Sontag; "Edebiyatın görevlerinden biri de dönemin hâkim inançlarına karşı sorular sormak, karşı görüşler biçimlendirmektir. Sanat muhalif olmadığı zaman bile sanat dalları zıtlaşmaya yönelir. Edebiyat, diyalogdur; hızlı tepki vermedir. Edebiyat, kültürler evrilip birbiriyle etkileşime girerken insanın canlı olana ve can çekişene karşı verdiği tepkinin tarihi olarak tanımlanabilir." diyor.

Yazar, dönemin hâkim inançlarını sorgularken insanın kendi inançlarını da yıkar, düşüncelerini değiştirir.

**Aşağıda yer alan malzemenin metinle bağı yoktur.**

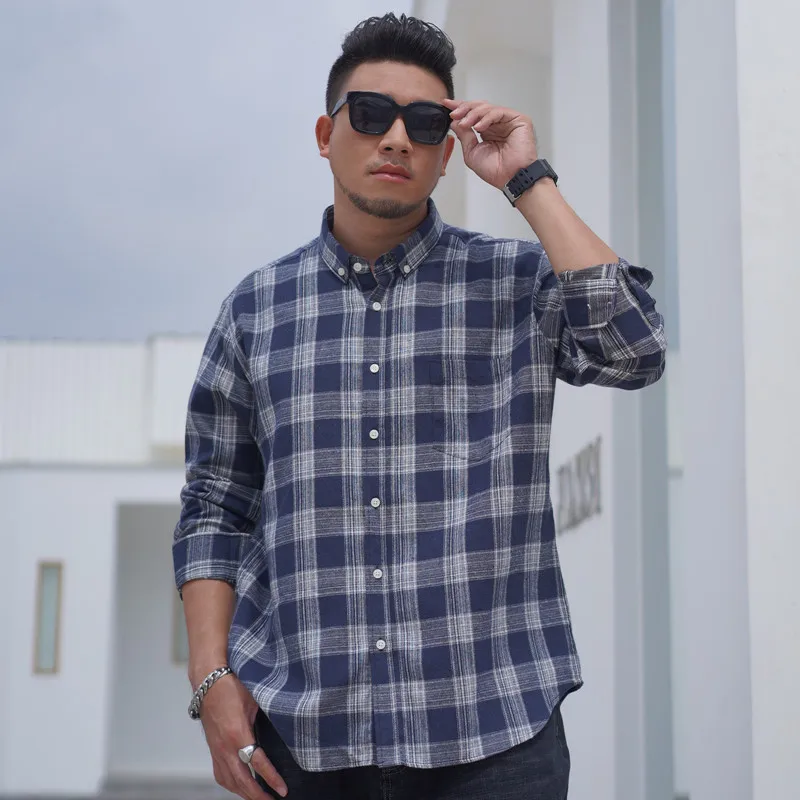 

New Arrival Fashion Suepr Large Men's Frosted Plaid Shirt Autumn and Winter Business Casual Yarn Dyed Plus Size L-7XL 8XL 10XL
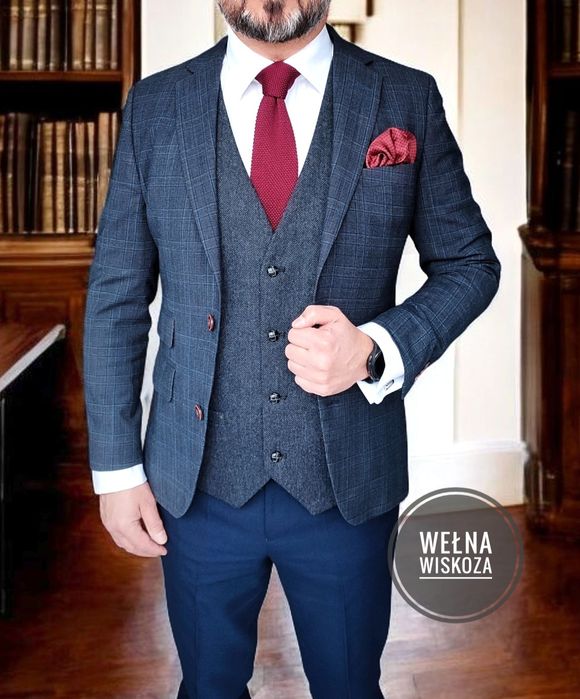 Gibson London S Granatowa stylowa wełniana marynarka slim w kratkę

Sontag şöyle devam ediyor;

Tabuları yıkmak

"Yazarlar ayrılığımıza, farklılığımıza dair bu klişelerle savaşabilirler zira yazarlar efsaneleri sadece aktarmaz, yaratırlar da. Edebiyat sadece efsane değil, karşı-efsaneler de sunar; tıpkı hayatın karşı-tecrübeler sunması gibi düşündüğünüzü, hissettiğinizi ya da inandığınızı sandığınız şeyi yıkan tecrübeler."

Yazar kime denir

Yazar Sontag'a göre yazar kime denir sorusunun cevabı ise yazdıklarında gizli;

"Bence bir yazar, dikkatini dünyaya veren biridir. Bu, insanların kötülük kapasitelerini anlamaya, kavramaya, bu kapasiteyle bağlantı kurmaya çalışmak anlamına gelir; aynı zamanda da anladığı şey karşısında bozulmamak, yüzeyselleşip bir kiniğe dönüşmemek anlamına. Edebiyat bize dünyanın nasıl bir yer olduğunu anlatır.

"Edebiyat özgürlüktüktür"

Edebiyat insana ahlak ilkeleri kazandırır ve dille, anlatıyla cisimlenen derin bir bilgi birikimi sunar. Edebiyat, biz olmayanlar, bizim olmayanlar için gözyaşı dökme becerimizi geliştirir, çalıştırır. Biz olmayan, bizim olmayanlarla yakınlık kuramazsak nasıl insanlar oluruz? En azından zaman zaman kendimizi affedemezsek nasıl insanlar oluruz? Öğrenemezsek nasıl insanlar oluruz? Affedemezsek? Olduğumuzdan başka biri olamazsak? Edebiyata, dünya edebiyatına erişebilmek ulusal kibir, eğitimsizlik, zorunlu dar kafalılık, budalaca öğretim, kusurlu kader ve talihsizlik hapishanesinden kaçmak demekti. Edebiyat, daha geniş bir hayata giriş pasaportuydu; yani özgürlük bölgesine. Edebiyat özgürlüktü. Özellikle de okumaya ve içe dönüklüğe böyle yoğun bir şekilde meydan okunan bir zamanda edebiyat özgürlüktür."